- Provided records -
# # # # #

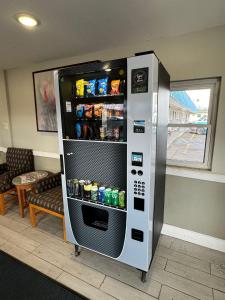 a large refrigerator with drinks in a room at Rodeway Inn Moosic - Scranton in Moosic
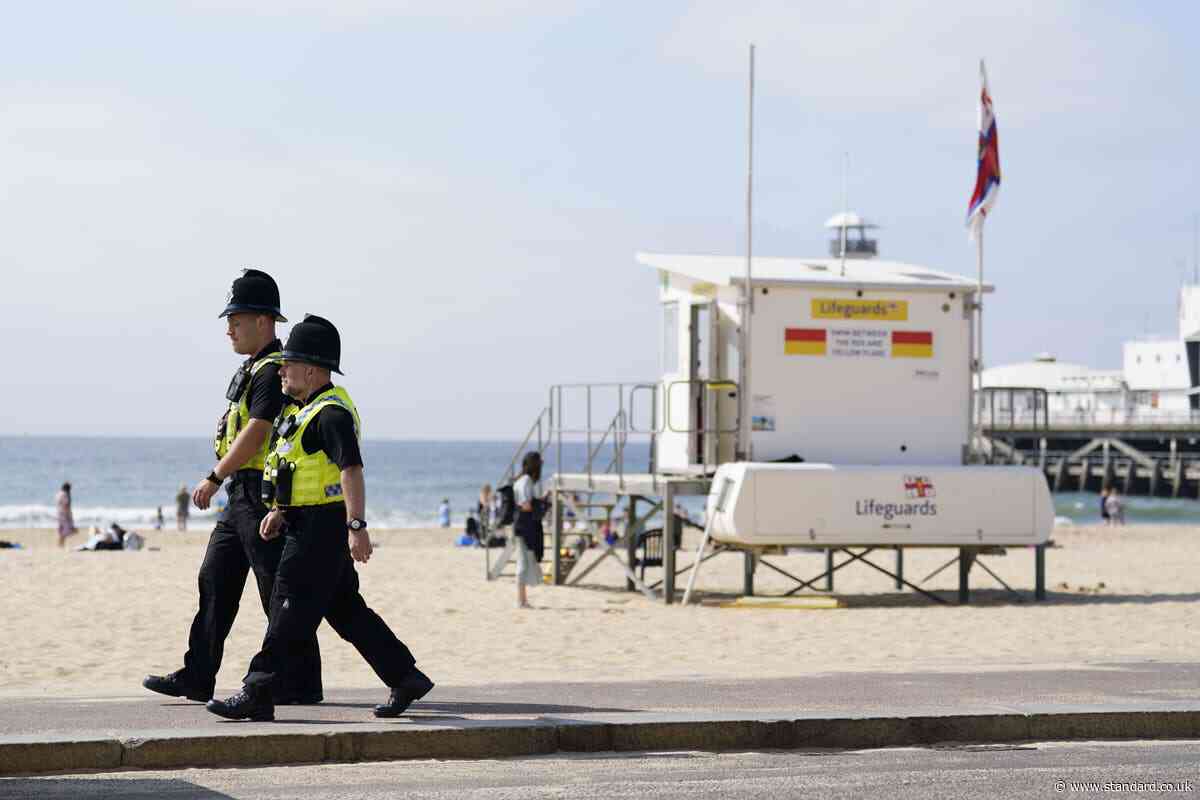 Boy, 17, arrested on suspicion of murder after woman stabbed to death on beach
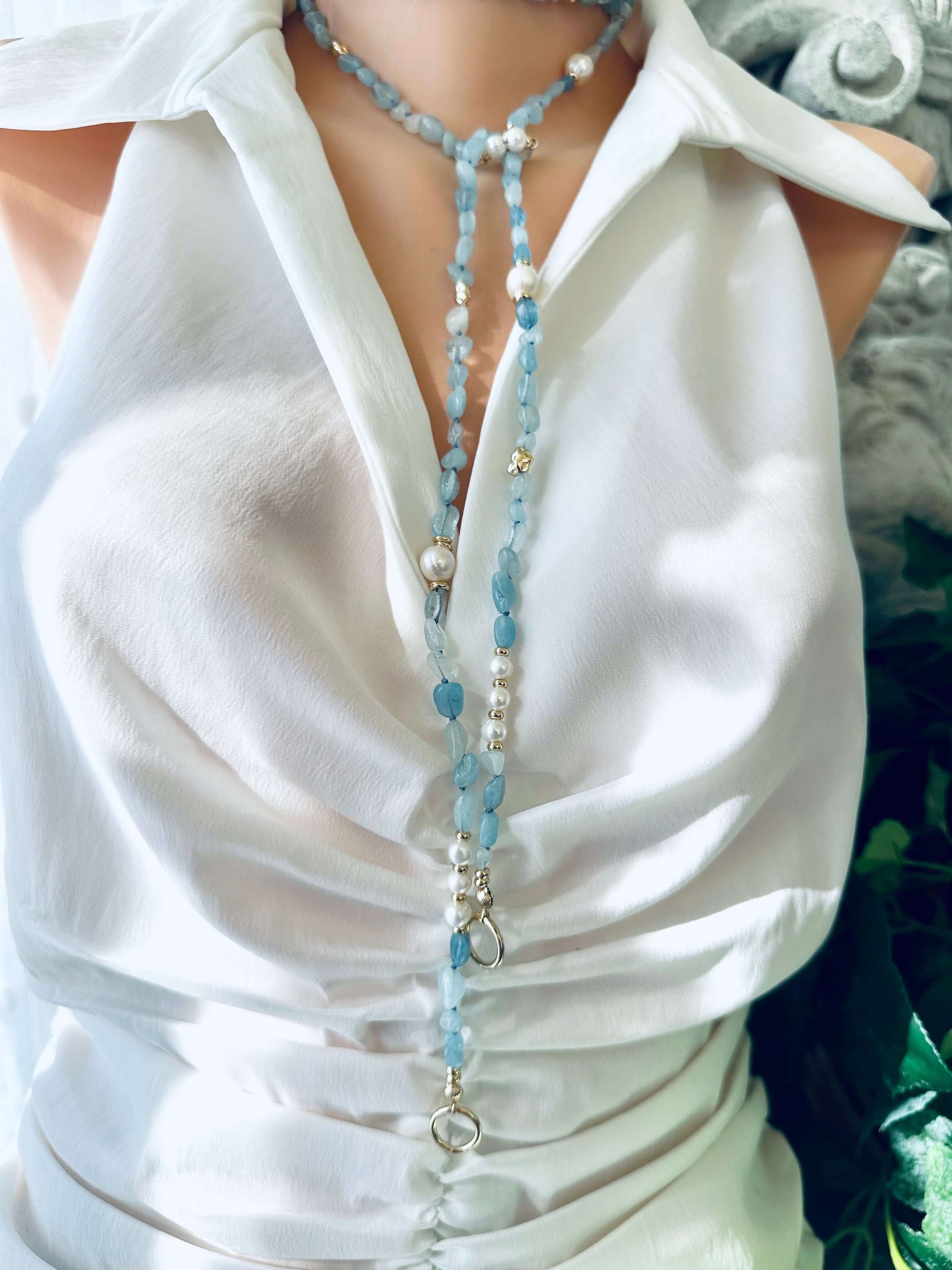 Full-length aquamarine and pearl necklace displayed on mannequin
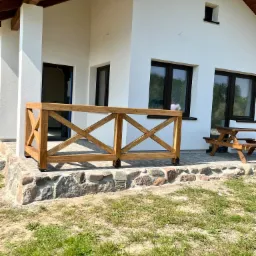Drewniana balustrada tarasowa z krzyżowym wzorem, zamontowana na kamiennej podmurówce przed białym domem z ciemnymi oknami, obok drewniany stół piknikowy.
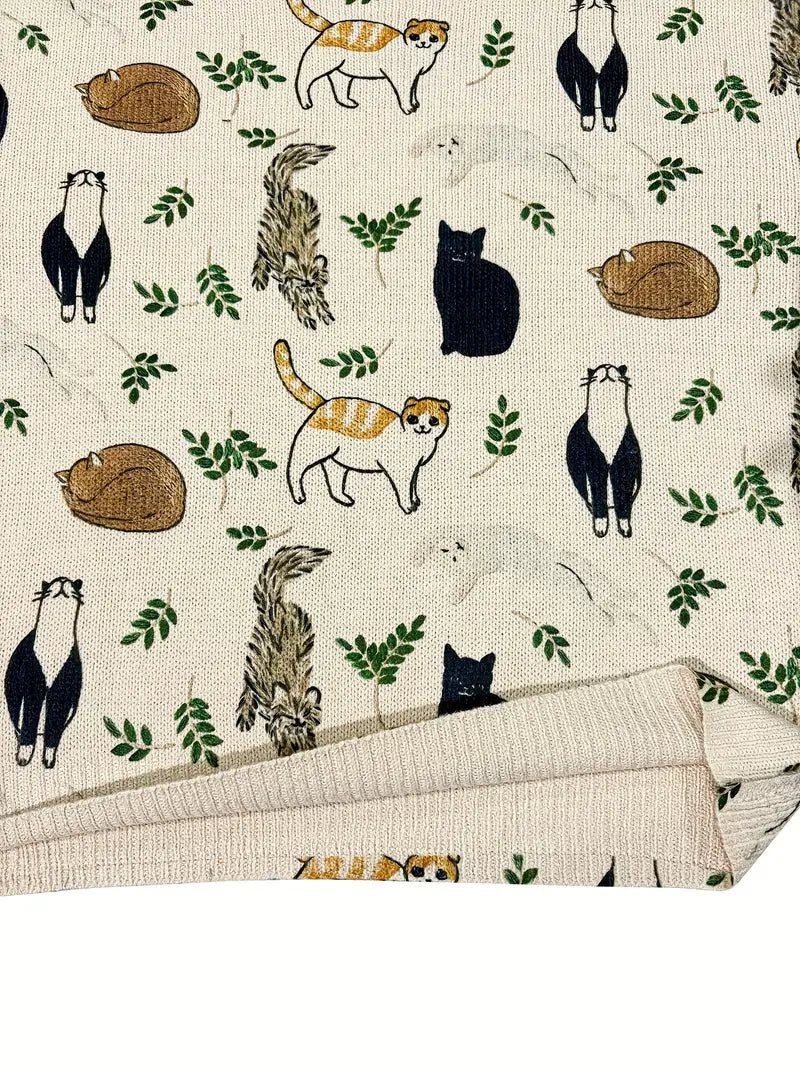 Patterned fabric with cartoon animals and leaves on a beige background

# # # # #

- Exercise description -
Could the data above be returned in full, exactly, with every image left out?

- Answer to this exercise -
 a large refrigerator with drinks in a room at Rodeway Inn Moosic - Scranton in Moosic
 Boy, 17, arrested on suspicion of murder after woman stabbed to death on beach
 Full-length aquamarine and pearl necklace displayed on mannequin
Drewniana balustrada tarasowa z krzyżowym wzorem, zamontowana na kamiennej podmurówce przed białym domem z ciemnymi oknami, obok drewniany stół piknikowy.
 Patterned fabric with cartoon animals and leaves on a beige background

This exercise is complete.